AI & ML

Google Adds ‘Agentic Vision’ to Gemini Flash 3 for Smarter Image Understanding

by Suraj Malik - 20 hours ago - 5 min read

Google has introduced a new capability called “Agentic Vision” to its Gemini Flash 3 model, aiming to significantly improve how the AI system understands and responds to images. The update, announced on January 28, 2026, is designed to reduce errors and hallucinations by allowing the model to actively inspect images in multiple steps instead of relying on a single visual pass.

According to Google, Agentic Vision changes image understanding from a static process into an iterative, step-by-step workflow, enabling the model to think, act, and observe before producing a final response. The company says this approach helps the model verify visual details more carefully, particularly in complex scenarios that involve counting, measurement, or visual arithmetic.

Moving Beyond Single-Glance Image Analysis

Traditional AI models typically analyse an image once and then generate a response based on that initial interpretation. If important details are missed during this first scan, the model may guess or hallucinate when answering follow-up questions.

Agentic Vision is designed to address this limitation. Google explained that Gemini Flash 3 can now plan a sequence of actions when responding to an image-based query. Instead of immediately replying, the model determines which areas of an image require closer inspection and then performs targeted actions—such as zooming into specific regions or annotating visual elements—before reaching a conclusion.

This “Think, Act, Observe” loop allows the model to re-check visual information and adjust its reasoning based on what it observes during each step.

A new era of intelligence with Gemini 3

Python Code Execution for Verification

A key feature of Agentic Vision is the ability to generate and execute Python code as part of the image analysis process. Google said this allows Gemini Flash 3 to replace probabilistic guessing with deterministic computation.

For example, when asked to count objects in an image, the model can generate code to draw bounding boxes, label each detected object, and then confirm the total count programmatically. The annotated image is then reintroduced into the model’s context, allowing it to visually confirm the result before responding.

Google said this capability is particularly useful for tasks involving visual math, measurements, or detailed inspections, where traditional models often struggle.

Reported Quality Improvements

According to Google, enabling code execution through Agentic Vision results in a 5–10% improvement in quality across vision-related tasks. The company said the approach helps reduce hallucinations that occur when models attempt to infer details without sufficient visual grounding.

The report notes that Agentic Vision is especially effective in situations where accuracy depends on examining small details or performing multiple reasoning steps, such as reading dense diagrams, counting objects, or validating spatial relationships.

Early Use Cases Highlighted by Google

Google cited several early use cases to demonstrate how Agentic Vision performs in real-world scenarios.

One example involved PlanCheckSolver, an AI-powered platform that validates building plans against regulatory requirements. According to Google, the platform uses Gemini Flash 3 to inspect high-resolution architectural drawings and verify parameters such as dimensions and layout details. By enabling code-based inspection and iterative image analysis, PlanCheckSolver reportedly achieved a 5% improvement in accuracy.

Another example showed Gemini Flash 3 being asked to count fingers in an image of a hand. Instead of guessing, the model used Python to visually mark each finger with bounding boxes and numbers, confirming the count before answering.

These examples illustrate how Agentic Vision allows the model to visually verify its own reasoning rather than relying on assumptions.

Availability Across Google Platforms

Agentic Vision is available immediately across multiple Google platforms. Developers can access the feature through the Gemini API, Google AI Studio, and Vertex AI. The capability is also available to users through the Gemini app, where it can be selected via the “Thinking” model option.

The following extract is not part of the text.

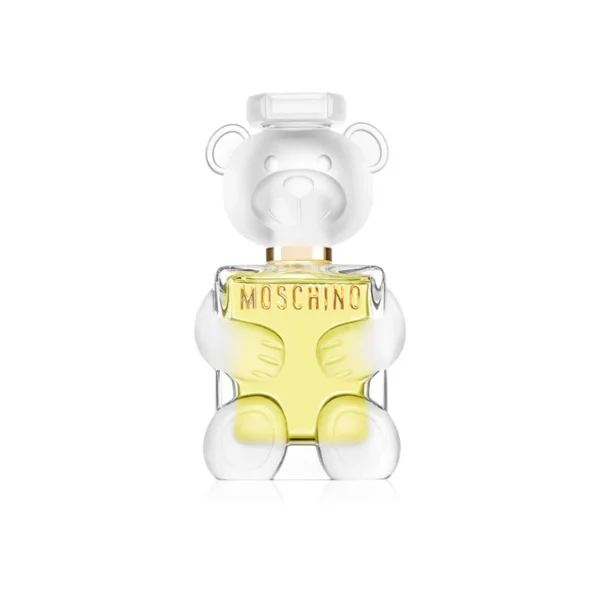 Moschino Toy 2 - 100ML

Google said Gemini Flash 3 is designed to offer faster performance at lower cost compared to larger Gemini models, making it suitable for applications that require both speed and accuracy.

Planned Enhancements

Google also outlined several planned improvements to Agentic Vision. According to the report, the company intends to make image manipulation actions—such as zooming, rotating, or performing visual math—fully automatic, allowing the model to decide when these steps are necessary without explicit user instructions.

In addition, Google plans to expand the set of tools available to Gemini models, including features like web search and reverse image search, to further enhance reasoning capabilities. Agentic Vision is also expected to be rolled out to other Gemini models beyond Flash in future updates.

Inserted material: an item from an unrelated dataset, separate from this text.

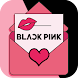 Blackpink Chat! Messenger Simu - Androidアプリ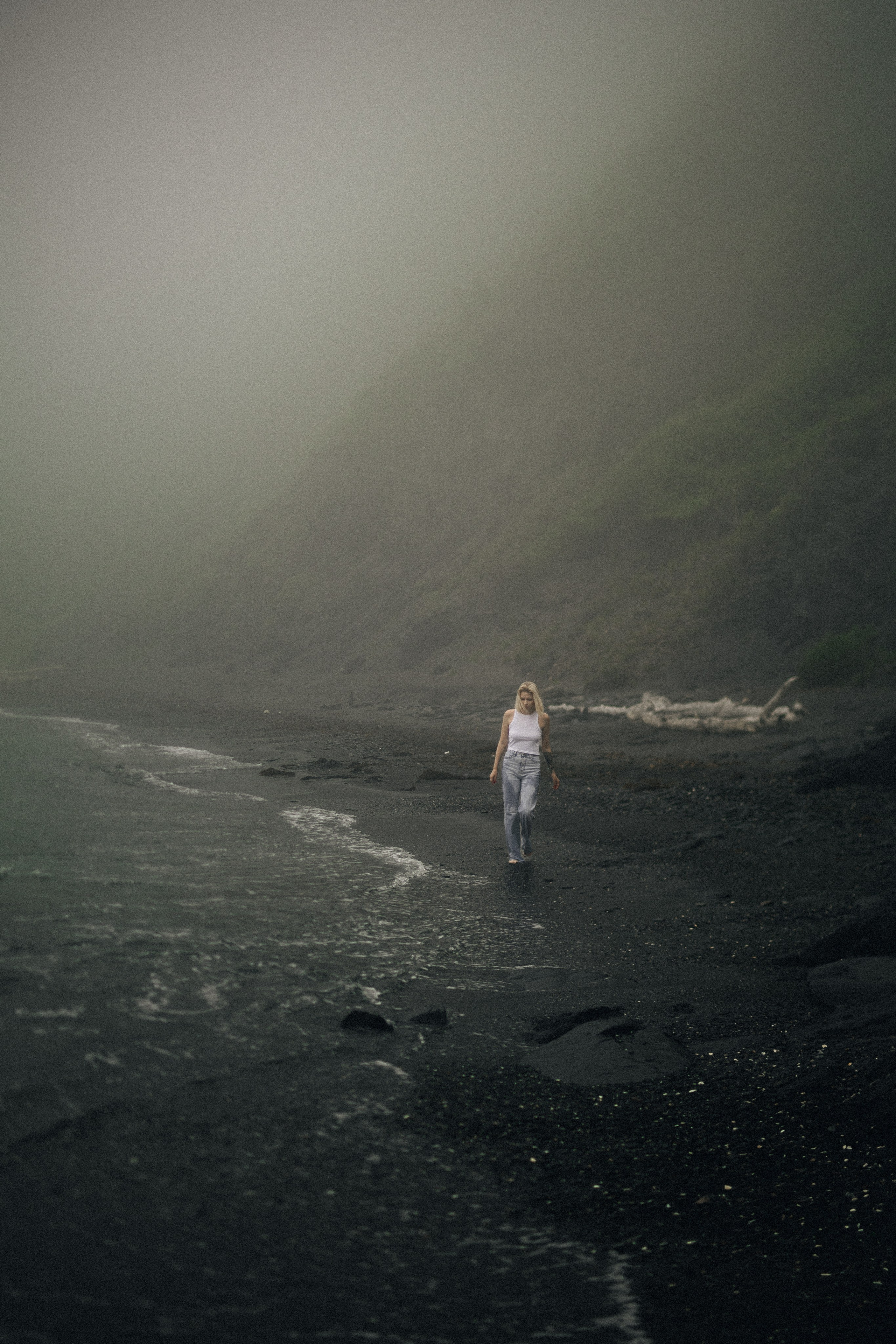 Lusie. ФОТОГРАФ | ТЮМЕНЬ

Google Updates Bard Chatbot With 'Gemini' A.I. as It Chases ChatGPT - The  New York Times

Why Google Says It Matters

Google positioned Agentic Vision as a response to a core weakness in current AI systems: unreliable image reasoning in multi-step tasks. By combining visual inspection with code execution, the company says Gemini Flash 3 can deliver more grounded and verifiable responses.

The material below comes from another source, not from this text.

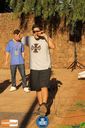 Filename=IMG_1707.jpg
Filesize=266KiB
Dimensions=790x1187
Date added=Nov 16, 2014 IMG_1707.jpg
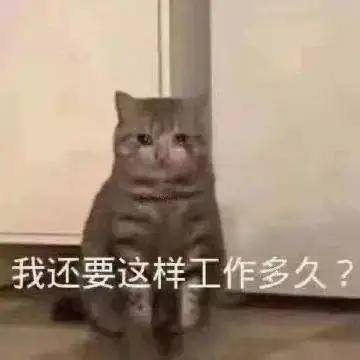 在家做的小加工（我的“焊工”之路）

The update reflects a broader shift toward agentic AI systems—models that can plan actions, use tools, and validate results rather than generating answers in a single step. Google said this approach is particularly important for professional and enterprise use cases where errors can have real-world consequences.

With Agentic Vision, Google is aiming to make image-based AI interactions more reliable by ensuring that models check their work before responding.